Gödel was mostly silent during Vienna Circle discussions, but he passionately disagreed. His instincts were Platonist; that is to say, he believed that mathematical truths weren’t invented but existed somewhere “out there,” independent of the human mind, and that it was the task of mathematicians to discover these truths.

Gödel’s reputation and fame rest principally on a proof that received its first public airing in September 1930, at a scientific gathering in Königsberg. Gödel—only 24 years old—demonstrated to the assembled delegates that there were limits to what could be proved in mathematics; that whatever axioms were postulated as the basic blocks of mathematics, there would inevitably be some truths within mathematics that could not be proved.

By all accounts, the delegates at the conference were a bit flummoxed; the significance of this discovery took a few days to sink in. Then news of Gödel’s first Incompleteness Theorem (it would be followed by a second), spread rapidly around the world. “A scientific achievement of the first order” was the rather understated verdict of Gödel’s supervisor, Hans Hahn, when Gödel submitted the proof for his thesis. The work is now widely accepted as a seminal development in the history of logic.

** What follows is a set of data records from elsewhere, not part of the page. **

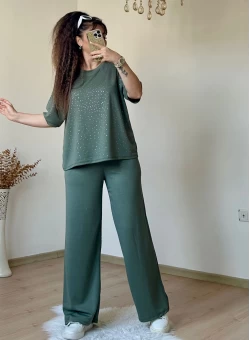 Bol Paça Taşlı Takım Haki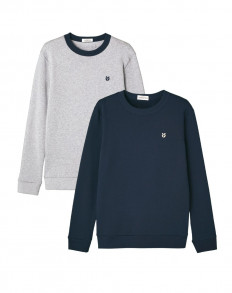 2x Sweat en Coton BIO Molleton - Gris - Marine - Ecru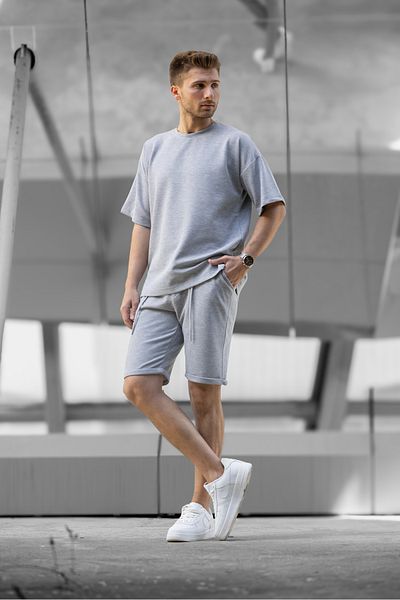 3MODA Men's Oversize Set - Zippered Waist Elastic Shorts
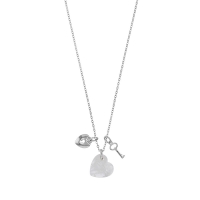 Collier coeur en nacre, pampilles coeur et clé, argent 925/1000 rhodié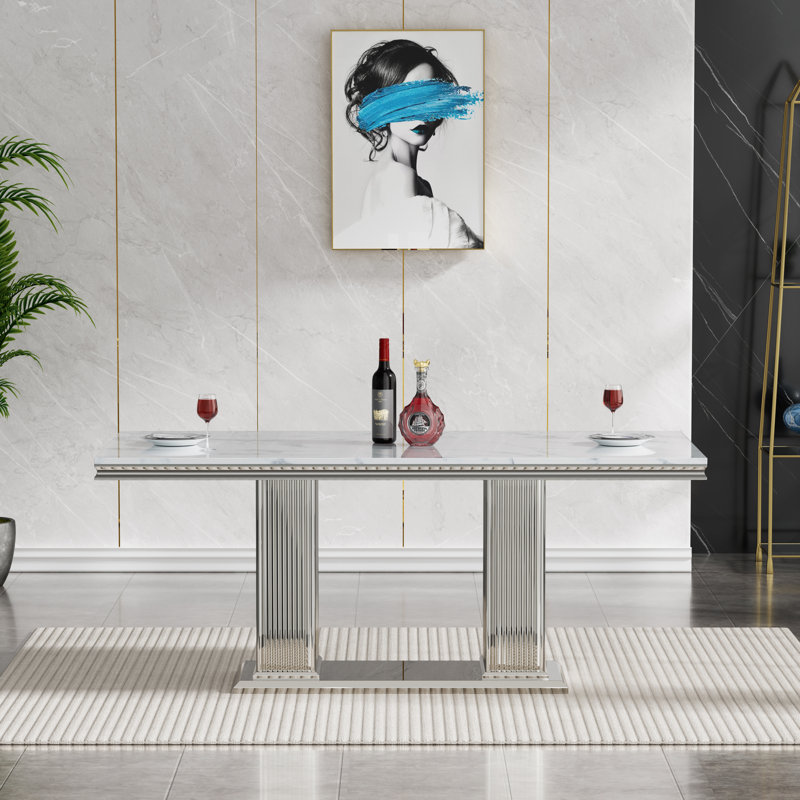 68.11" Marble Dining Table for 6-8, Modern Rectangular Kitchen Table with Faux Marble Top, Modern Dining Room Table with Stainless Steel Base for Kitchen Dining Room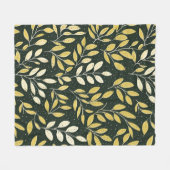 Yellow and Cream Leafy Branches Pattern  Fleecedecke (Vorderseite (Horizontal))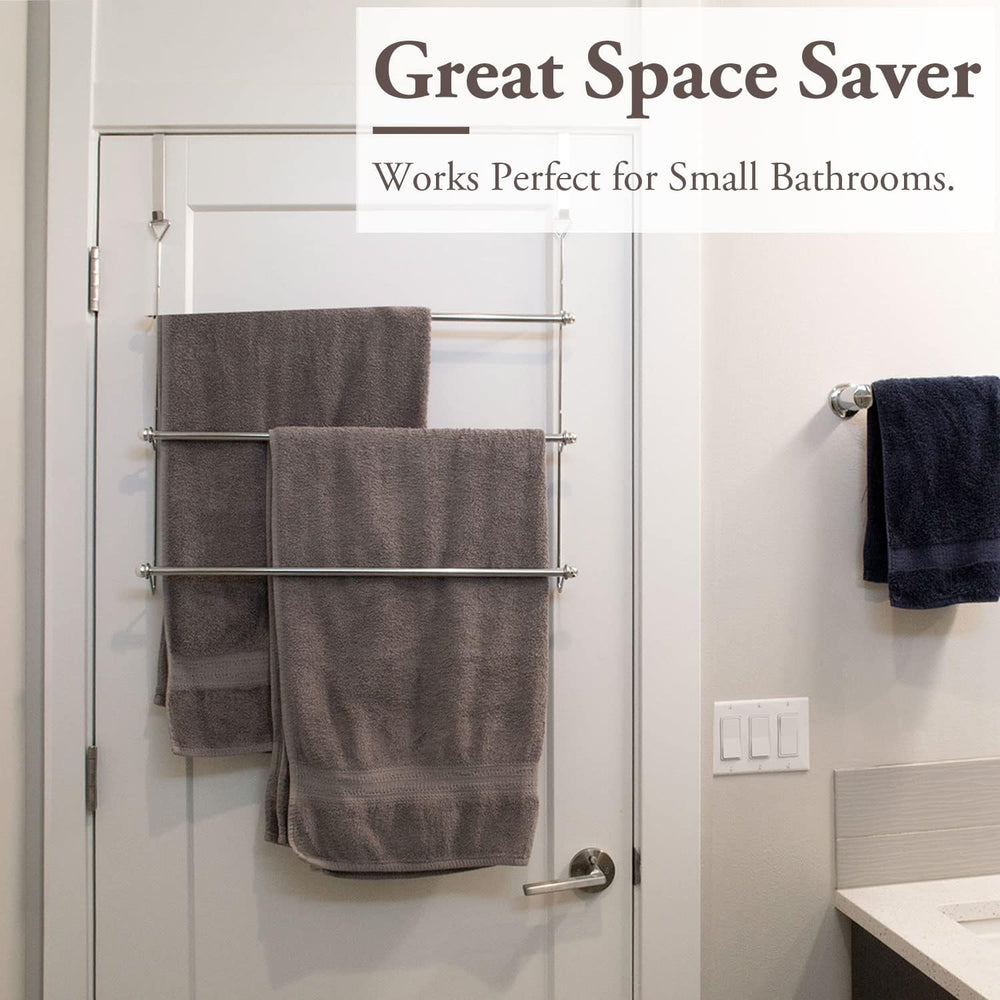 MyGift 3 Tier Over Door Towel Rack, Chrome Bathroom Towel Holder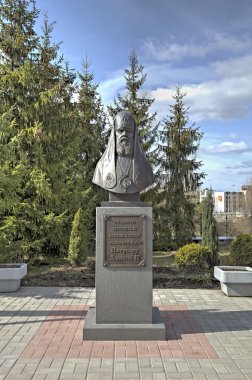 Veliky Novgorod, Russia - April 18, 2015: Monument to the patriarch Alexy II.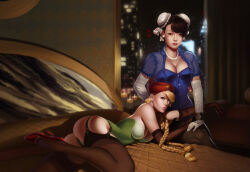 2girls adapted_costume andrew_hibner ass beret blonde_hair blue_eyes braid breasts brown_eyes brown_hair bun_cover cammy_white capcom chun-li cleavage commentary double_bun elbow_gloves english_commentary garter_belt gloves green_leotard hair_bun hat highleg highleg_leotard highres large_breasts leotard lips long_hair lying multiple_girls photoshop_(medium) realistic short_hair street_fighter thighhighs twin_braids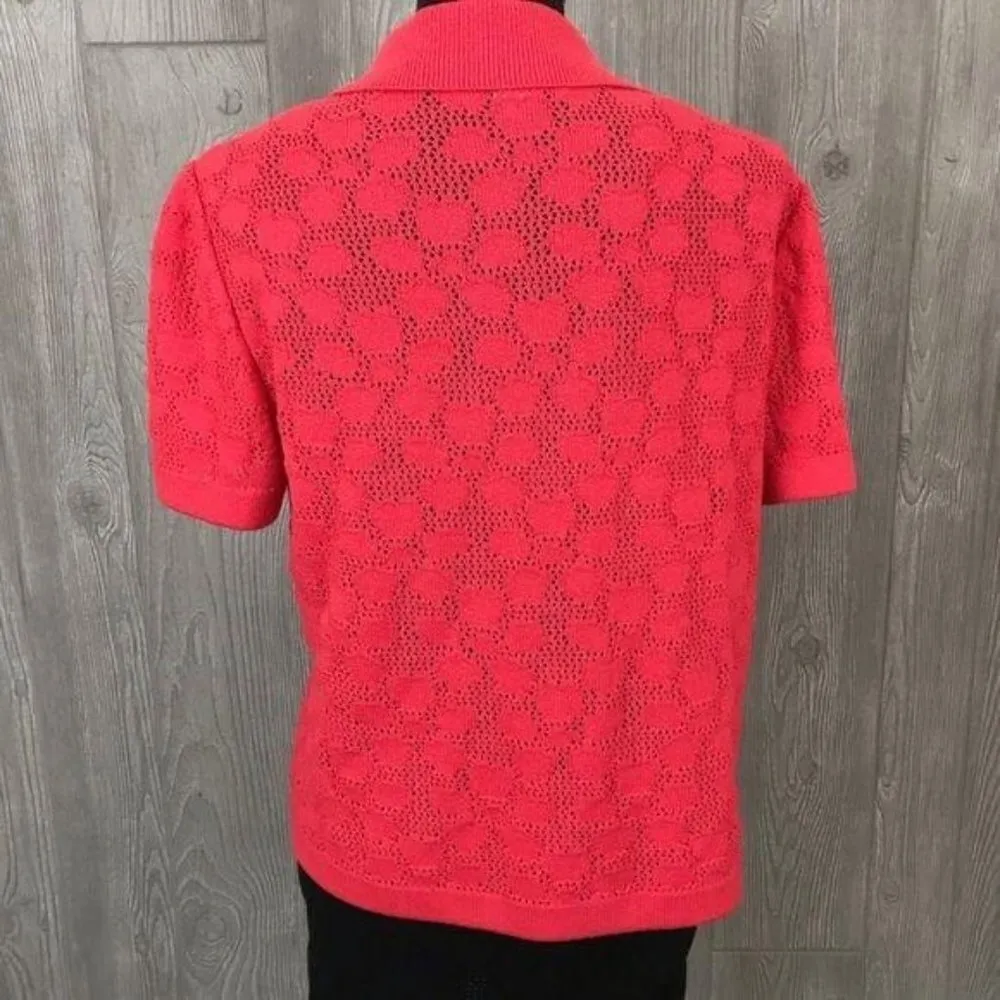 vintage St. John coral short sleeve cardigan shirt knit crochet pattern pink - Image 6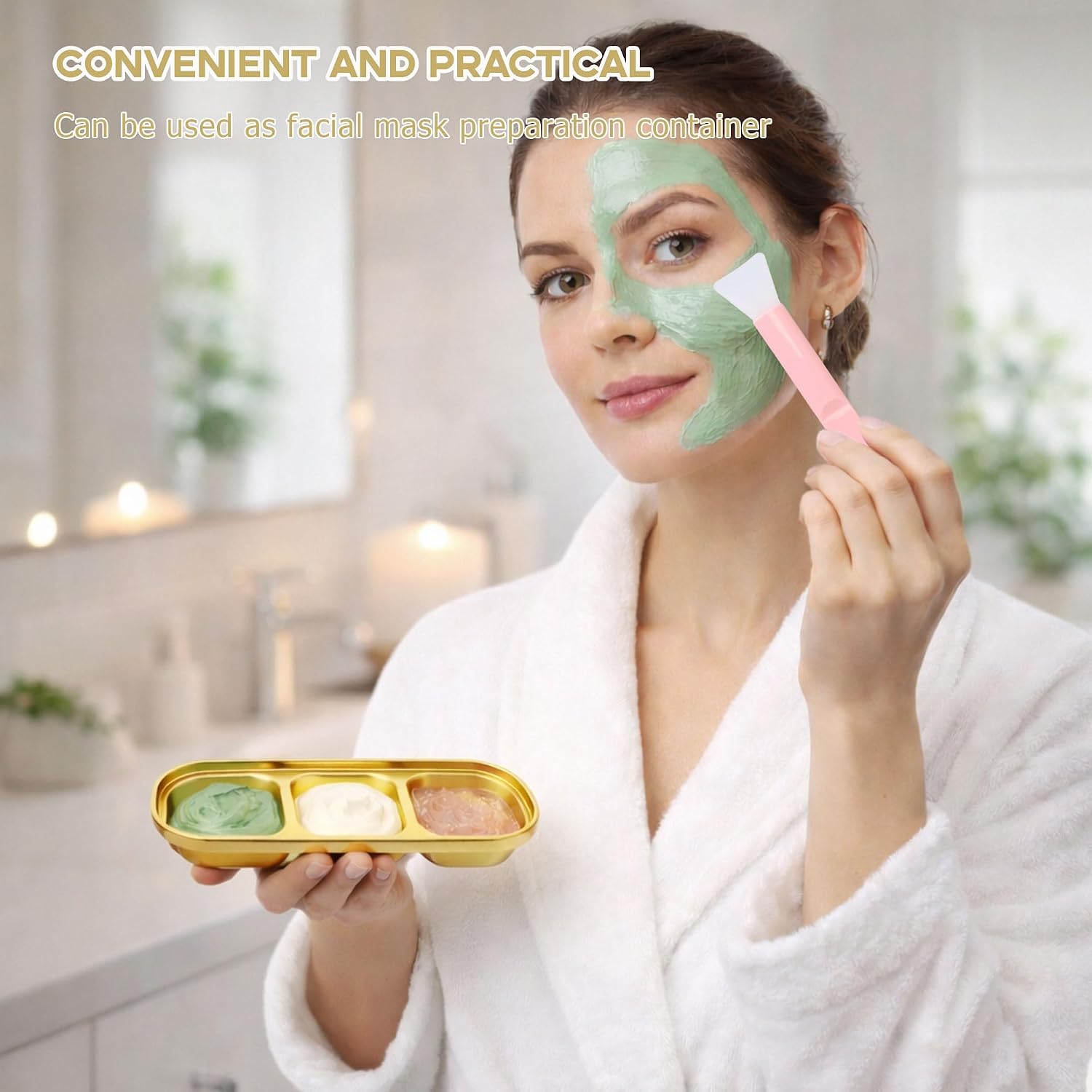 12 Pcs DIY Esthetician Bowls Face Mask Tray Set, with 6 Pcs Spatula, Esthetician Supplies Stainless Steel Gold Compartment Serving Tray Women Skincare Products for Spa Salon Aesthetician Beauty（Gold）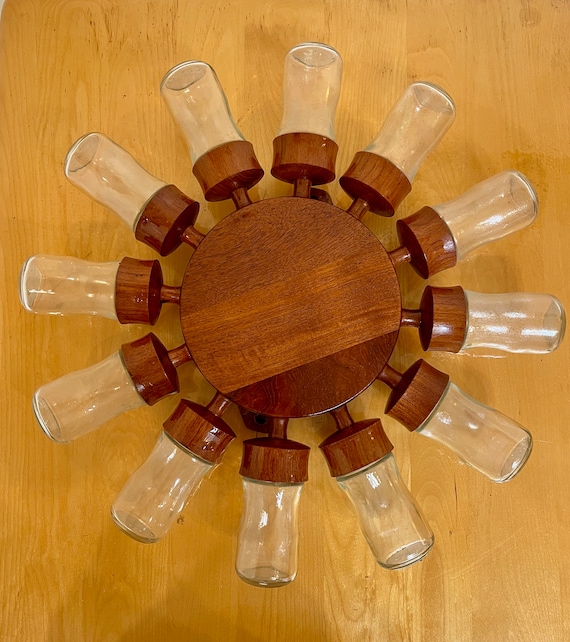 DIGSMED Danish Teak Spice Rack Wheel W 12 Glass Jars | Midcentury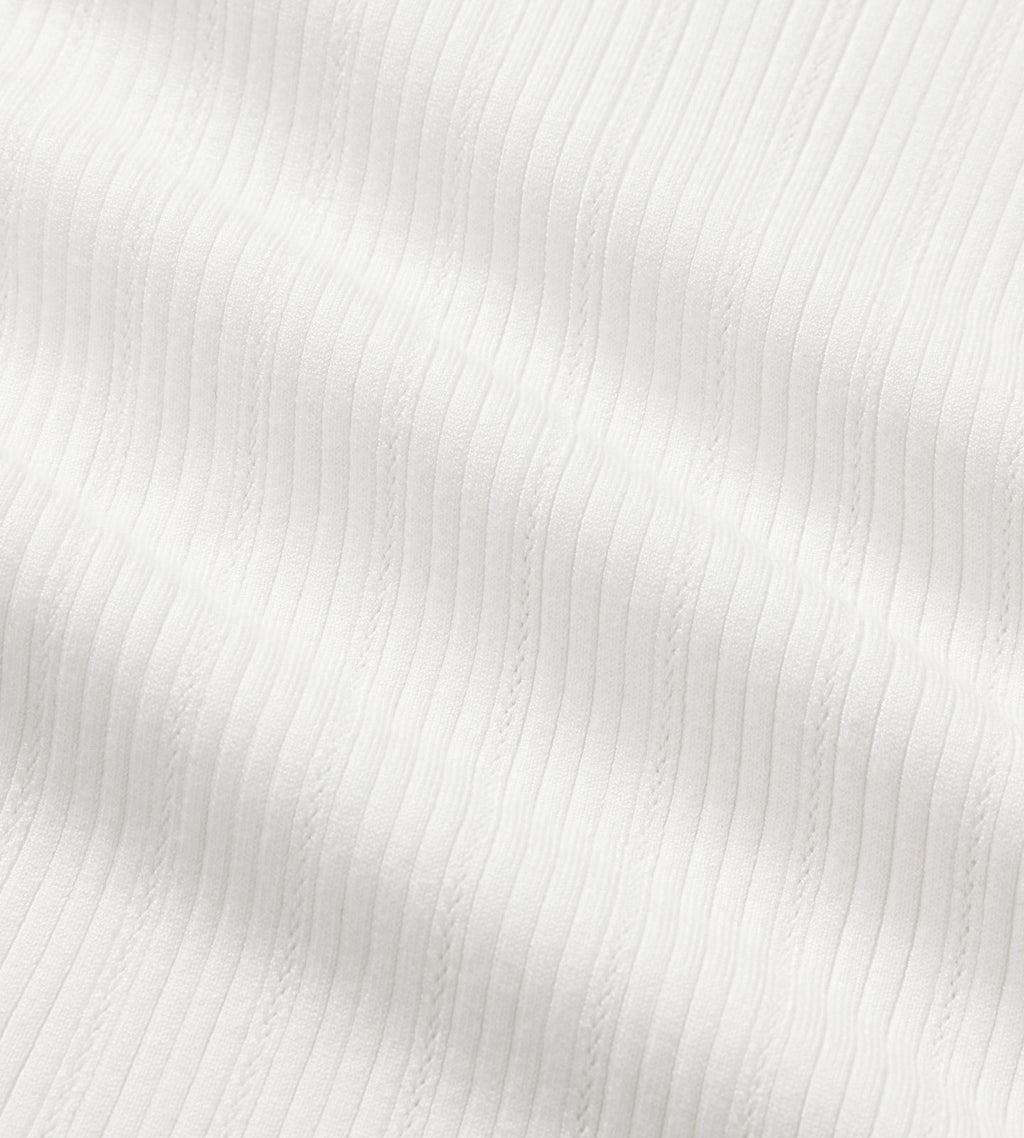 V Neck Pointelle Knit Polo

From 1933, Gödel began an on-off-on-off-on association with the recently formed Institute for Advanced Studies in Princeton, N.J., of which Einstein was a founding member. After Vienna, Gödel found Princeton a little parochial, though he liked the scenery. “All in all the country looks much like a park; only the true Alpine forest is missing.”

Gödel had already started to show signs of mental instability. In 1934 he spent time at a sanatorium outside Vienna. He became obsessed with the stomachaches he suffered and began to develop paranoid delusions about being poisoned by his enemies. Schlick appealed to a Viennese psychiatrist, Otto Pötzl, for help: “If Dr. Gödel does not regain his health, it would be a loss of immeasurable consequence for our university and for science throughout the world.”

Vienna’s political, social and cultural milieu forms the backdrop to the first half of Gödel’s life and has a central place in Mr. Budiansky’s narrative. Many, if not most, of Gödel’s friends and associates were of Jewish origin. The Austrian fascists and Nazis would always exaggerate Jewish power, and Mr. Budiansky unfortunately overstates the size of Vienna’s Jewish population (it peaked at 200,000).

Gödel had just been invited back to Princeton when German troops marched into Austria. The Viennese were top-division anti-Semites, and the Anschluss unleashed a wave of sickening violence and sadism. Nonetheless, and shockingly, Gödel (along with most of his compatriots) voted in the subsequent plebiscite in favor of his country’s absorption by the German state. He later claimed he had done so only to secure a passport, though according to Mr. Budiansky Gödel became “wracked with guilt.” He was always politically naive. Toward the end of 1938, when he was briefly in the U.S. before returning to Vienna, he met a Jewish-Austrian philosopher for lunch. “And what brings you to America?” Gödel asked.

Gödel faced various fraught struggles with the Nazi authorities before he was able to settle back in Princeton for good. By this stage, he had married Adele, despite vehement objections from members of his family. Adele was domineering, was older than he, was situated several rungs lower on the class ladder, and was a divorcée. She was the butt of snobbery both in Austria and in the U.S. (“a Viennese washerwoman type,” according to Gödel’s friend, Oskar Morgenstern, one of the founders of game theory).

Albert Einstein and Kurt Gödel, ca. 1948. Photo: Oksar Morgenstern Estate

At Princeton, the serious and shy Gödel developed an unlikely friendship with the more genial and gregarious Albert Einstein. They would walk to and from the institute. “I go to my office just to have the privilege of being able to walk home with Kurt Gödel,” Einstein once joked.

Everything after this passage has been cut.